→ **TASK TO CARRY OUT**:
With the pictures left out, restate exactly the part below that opens with the line containing "Glass itself is" and closes with the line containing "Use lcd.print() to".

→ **SOURCE MATERIAL**:
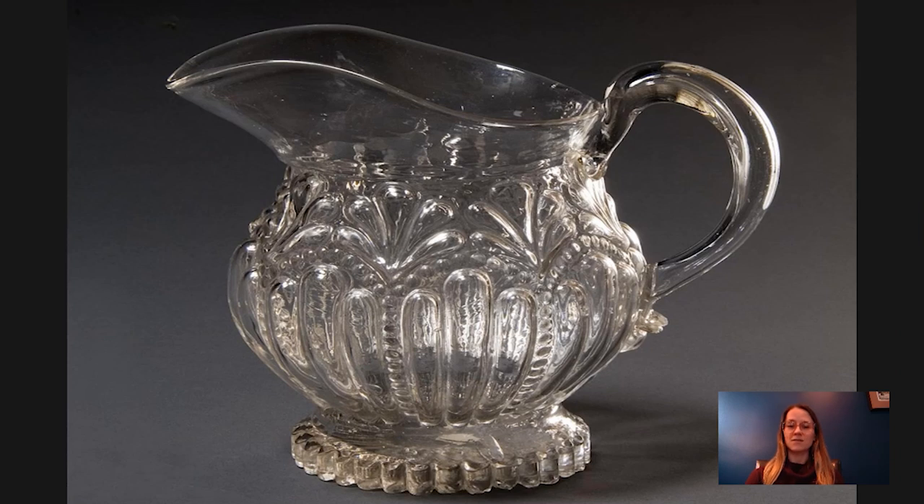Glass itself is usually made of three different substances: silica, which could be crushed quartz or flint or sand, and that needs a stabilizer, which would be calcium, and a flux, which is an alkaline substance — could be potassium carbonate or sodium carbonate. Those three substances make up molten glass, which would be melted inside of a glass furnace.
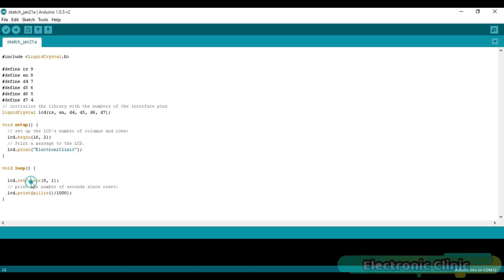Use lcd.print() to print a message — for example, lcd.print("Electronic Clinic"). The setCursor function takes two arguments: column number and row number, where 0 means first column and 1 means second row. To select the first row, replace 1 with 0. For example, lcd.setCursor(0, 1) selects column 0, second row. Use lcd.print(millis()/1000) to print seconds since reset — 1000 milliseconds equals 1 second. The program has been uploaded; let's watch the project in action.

...

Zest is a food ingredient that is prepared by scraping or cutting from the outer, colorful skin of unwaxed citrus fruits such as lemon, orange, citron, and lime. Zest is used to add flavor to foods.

==

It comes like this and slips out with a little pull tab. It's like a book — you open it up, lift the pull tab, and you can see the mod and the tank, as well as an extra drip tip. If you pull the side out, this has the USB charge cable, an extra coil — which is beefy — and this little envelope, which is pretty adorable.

→ **RESPONSE AREA**:
Glass itself is usually made of three different substances: silica, which could be crushed quartz or flint or sand, and that needs a stabilizer, which would be calcium, and a flux, which is an alkaline substance — could be potassium carbonate or sodium carbonate. Those three substances make up molten glass, which would be melted inside of a glass furnace.
Use lcd.print() to print a message — for example, lcd.print("Electronic Clinic"). The setCursor function takes two arguments: column number and row number, where 0 means first column and 1 means second row. To select the first row, replace 1 with 0. For example, lcd.setCursor(0, 1) selects column 0, second row. Use lcd.print(millis()/1000) to print seconds since reset — 1000 milliseconds equals 1 second. The program has been uploaded; let's watch the project in action.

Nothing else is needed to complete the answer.